(Provided material)
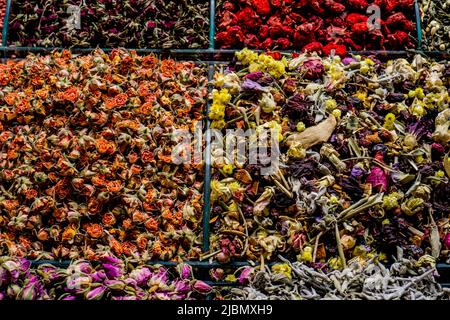 Vari tè sul mercato a Istanbul, Turchia Foto Stock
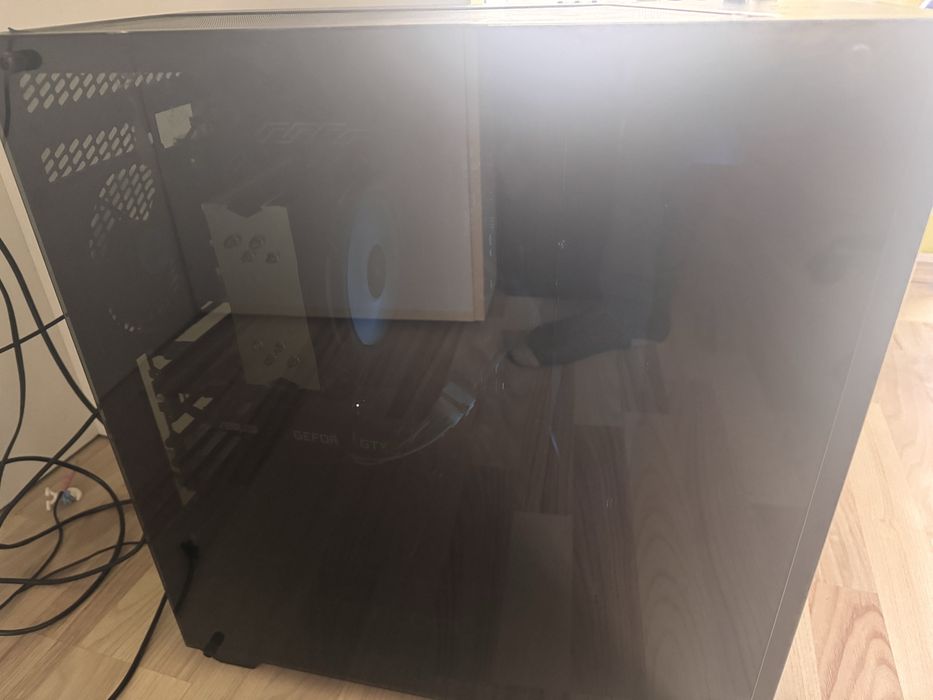 Sistem Complet Ryzen 2700X 16GB RAM GTX 1660 Ti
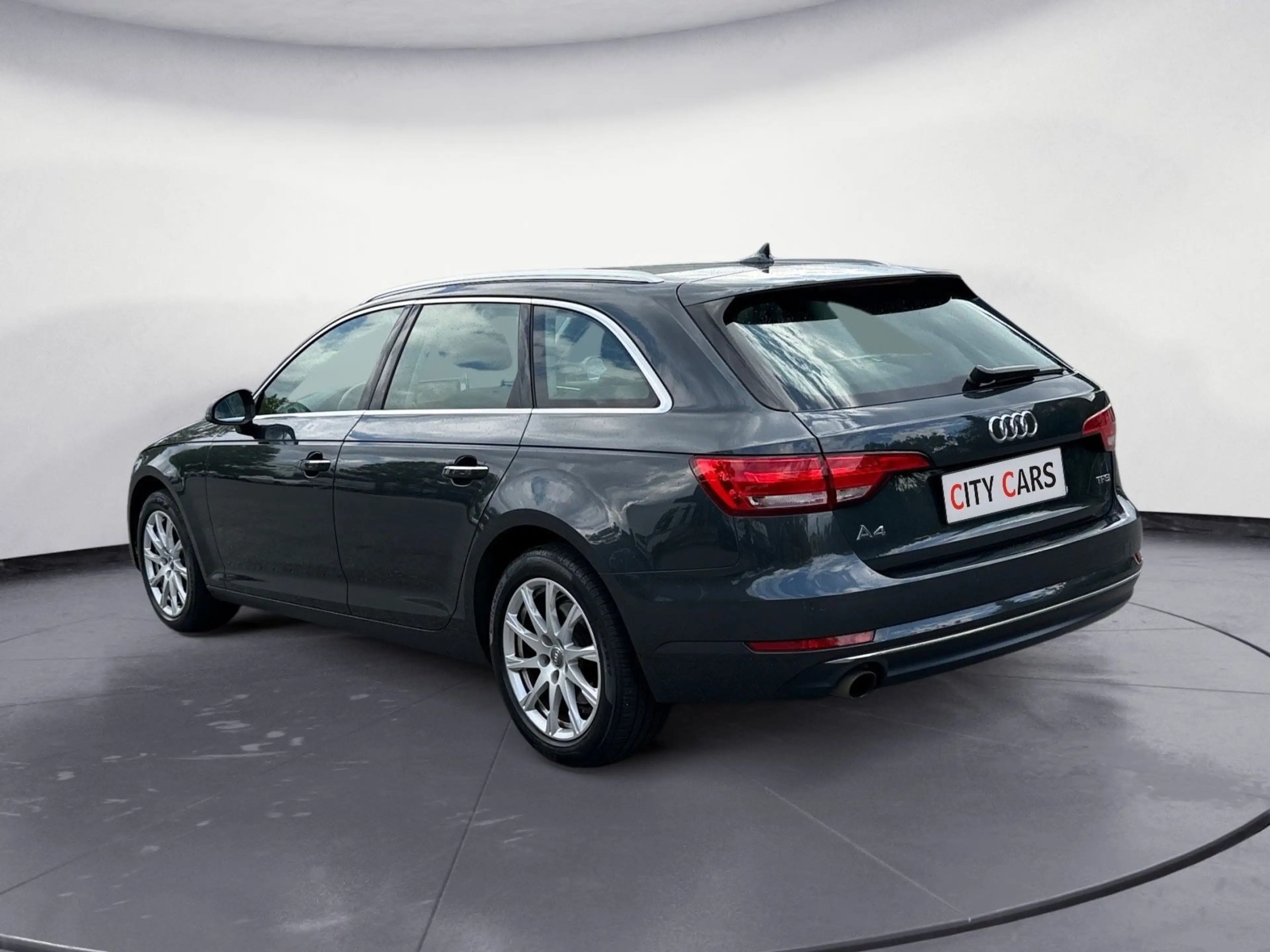 Audi A4 Avant design Navi Xenon Tempomat Keyless — photo 4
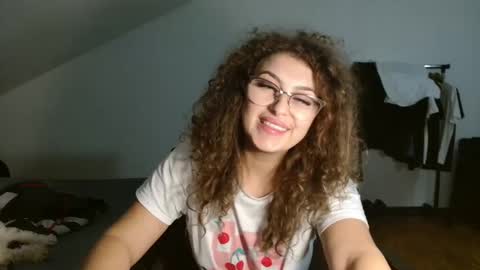 Stephanieblisss online show from January 1, 2025, 9:20 pm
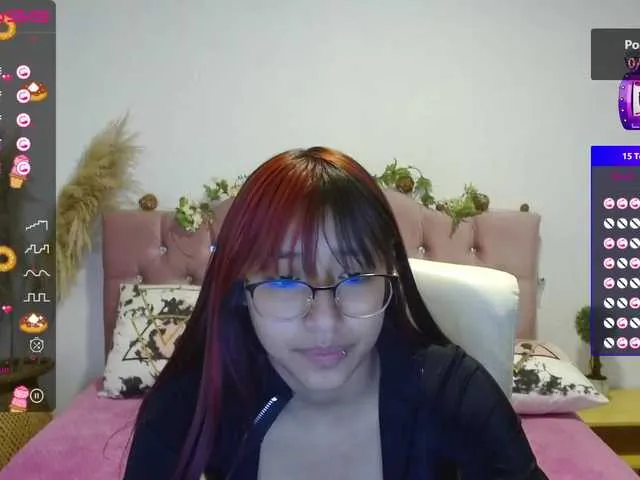 Live sex webcam photo for Isabella16 #274137050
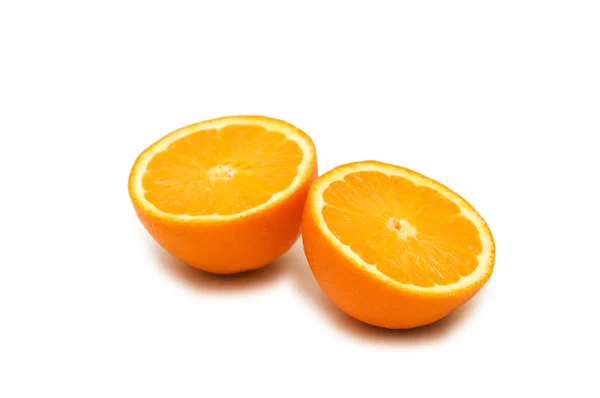 Duas laranjas semi-cortadas isoladas em branco — Fotografia de Stock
(End Provided material)
Problem to solve:
Once you find the line containing "Live sex webcam", transcribe it and each line after it to the end of the records exactly, and leave out the pictures.

Solution for this exercise:
 Live sex webcam photo for Isabella16 #274137050
 Duas laranjas semi-cortadas isoladas em branco — Fotografia de Stock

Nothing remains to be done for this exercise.